> _What is being asked_
Your task is to write out exactly the lines from the line containing "Luxury Quilled greeting" through the end of the records, inclusive at both ends.

> _Dataset records_
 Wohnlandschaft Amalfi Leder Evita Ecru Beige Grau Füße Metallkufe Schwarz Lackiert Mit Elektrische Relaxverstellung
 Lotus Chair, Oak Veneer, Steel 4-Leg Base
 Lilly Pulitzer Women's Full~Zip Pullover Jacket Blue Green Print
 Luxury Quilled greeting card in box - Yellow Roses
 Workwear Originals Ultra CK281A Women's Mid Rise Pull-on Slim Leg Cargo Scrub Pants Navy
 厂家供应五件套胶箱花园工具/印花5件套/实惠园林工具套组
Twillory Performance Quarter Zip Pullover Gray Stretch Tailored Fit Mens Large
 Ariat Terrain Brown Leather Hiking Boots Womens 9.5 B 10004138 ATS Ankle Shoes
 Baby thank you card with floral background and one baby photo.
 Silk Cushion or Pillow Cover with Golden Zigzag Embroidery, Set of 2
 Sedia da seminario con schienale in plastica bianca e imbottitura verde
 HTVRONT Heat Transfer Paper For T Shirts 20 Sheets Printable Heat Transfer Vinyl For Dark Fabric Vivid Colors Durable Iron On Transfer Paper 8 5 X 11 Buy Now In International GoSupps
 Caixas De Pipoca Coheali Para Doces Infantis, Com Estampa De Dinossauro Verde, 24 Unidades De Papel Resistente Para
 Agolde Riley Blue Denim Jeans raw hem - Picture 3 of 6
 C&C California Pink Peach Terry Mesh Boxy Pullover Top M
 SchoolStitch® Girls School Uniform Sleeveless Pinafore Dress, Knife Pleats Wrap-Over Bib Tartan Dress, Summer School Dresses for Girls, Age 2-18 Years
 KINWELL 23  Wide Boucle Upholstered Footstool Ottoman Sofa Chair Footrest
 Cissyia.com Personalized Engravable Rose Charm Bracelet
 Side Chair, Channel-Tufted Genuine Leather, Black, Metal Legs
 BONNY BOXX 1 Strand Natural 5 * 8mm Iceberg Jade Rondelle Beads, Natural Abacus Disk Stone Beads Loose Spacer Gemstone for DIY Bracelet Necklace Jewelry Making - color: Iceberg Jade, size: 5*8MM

> _Your response_
 Luxury Quilled greeting card in box - Yellow Roses
 Workwear Originals Ultra CK281A Women's Mid Rise Pull-on Slim Leg Cargo Scrub Pants Navy
 厂家供应五件套胶箱花园工具/印花5件套/实惠园林工具套组
Twillory Performance Quarter Zip Pullover Gray Stretch Tailored Fit Mens Large
 Ariat Terrain Brown Leather Hiking Boots Womens 9.5 B 10004138 ATS Ankle Shoes
 Baby thank you card with floral background and one baby photo.
 Silk Cushion or Pillow Cover with Golden Zigzag Embroidery, Set of 2
 Sedia da seminario con schienale in plastica bianca e imbottitura verde
 HTVRONT Heat Transfer Paper For T Shirts 20 Sheets Printable Heat Transfer Vinyl For Dark Fabric Vivid Colors Durable Iron On Transfer Paper 8 5 X 11 Buy Now In International GoSupps
 Caixas De Pipoca Coheali Para Doces Infantis, Com Estampa De Dinossauro Verde, 24 Unidades De Papel Resistente Para
 Agolde Riley Blue Denim Jeans raw hem - Picture 3 of 6
 C&C California Pink Peach Terry Mesh Boxy Pullover Top M
 SchoolStitch® Girls School Uniform Sleeveless Pinafore Dress, Knife Pleats Wrap-Over Bib Tartan Dress, Summer School Dresses for Girls, Age 2-18 Years
 KINWELL 23  Wide Boucle Upholstered Footstool Ottoman Sofa Chair Footrest
 Cissyia.com Personalized Engravable Rose Charm Bracelet
 Side Chair, Channel-Tufted Genuine Leather, Black, Metal Legs
 BONNY BOXX 1 Strand Natural 5 * 8mm Iceberg Jade Rondelle Beads, Natural Abacus Disk Stone Beads Loose Spacer Gemstone for DIY Bracelet Necklace Jewelry Making - color: Iceberg Jade, size: 5*8MM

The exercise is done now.